Metro Councilman Duane Dominy, the sponsor of a bill that would preserve the Metro-owned fairgrounds, has organized a special council meeting to “discuss the recent operating history of the state fair.”
Dominy, who represents parts of Antioch and is a Republican candidate for the District 59 state House seat, asked for the meeting earlier this week in a letter sent to Councilwoman Vivian Wilhoite, who chairs the council’s Codes, Fair and Farmers Market committee. Wilhoite said she was already planning such a meeting when Dominy made his request.
The meeting is scheduled Nov. 9, and will include appearances from Tennessee State Fair Executive Director Buck Dozier and fair board chair James Weaver.
In his letter, Dominy claims to have reviewed the last 12 years of operating history of the state fair and suggests that the financial record of the last three years — which coincides with Mayor Karl Dean’s tenure — has been disproportionately poor compared to the previous nine years.
“The state fair has sustained losses ... during the last three fiscal years totaling $2.5 million,” Dominy wrote. “These extraordinary losses are over three times the amount of shortfall for the previous nine years.
“The modest losses between 1999 and 2007 are explained, in part, by certain capital expenses paid from the operating income such as ADA compliance retro-fit and an interior sprinkler system,” Dominy continued. “There is no similar capital costs associated with the losses for [the last three fiscal years].”

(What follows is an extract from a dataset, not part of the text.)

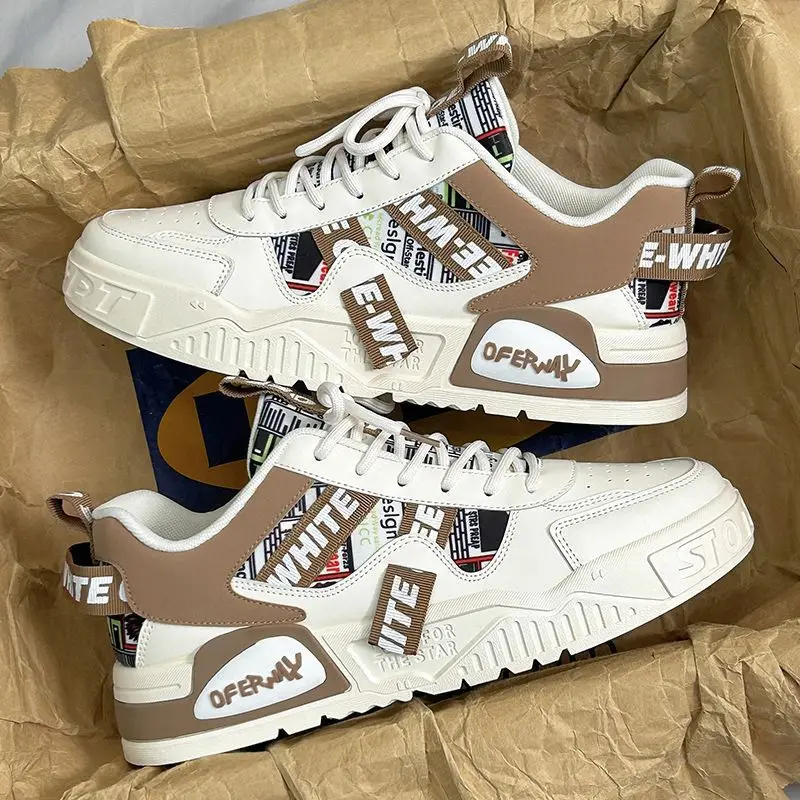 カジュアルファッションレザースニーカー新しいスケートボードメ - Badminton Shoes Men のレビューと価格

Asked for his response to Dominy’s claims, Weaver pointed out that the fair had years of declining attendance prior to 2007 and reminded Dominy that the fair is an “enterprise fund” that receives no tax-dollar support from Metro. Weaver also cited the string of bad weather that plagued recent state fairs, including the heavy rain that hurt attendance in 2009.
“Almost four years ago the fair board began work on an analysis of the future of the fairgrounds,” Weaver wrote in an email. “We went into this process after years of declining attendance at the fair, ever increasing competition from the Wilson and Williamson County fairs, and mounting losses from our operations.
“Our losses were due to numerous factors — most of which were not ours to control,” Weaver said. “While our staff worked very hard to make an old and antiquated facility cash flow, Buck [Dozier] can’t, despite all his ecclesiastical connections, control the weather.”
Weaver said he and Dozier are “glad” to bring their data before the council next month.
“I know some are questioning Councilman Dominy’s sudden interest in our long-standing and documented problems based on the proximity to Election Day. I am not,” Weaver said. “I welcome the opportunity to talk about this topic with the council.”
In related news, Dominy has apologized to Councilwoman Sandra Moore for filing his fairgrounds bill without giving her proper notice. Moore represents the neighborhood that surrounds the 117-acre fairgrounds.
“I should have asked you to co-sponsor the bill with me prior to introducing the legislation,” Dominy wrote in a letter addressed to Moore. “I didn’t do so because the bill, to me at least, dealt with the duties and responsibilities of the [fair] board and I believe this is a countywide issue.”
The bill, deferred by the council on Tuesday at the request of Moore, will be picked back up on first reading in two weeks.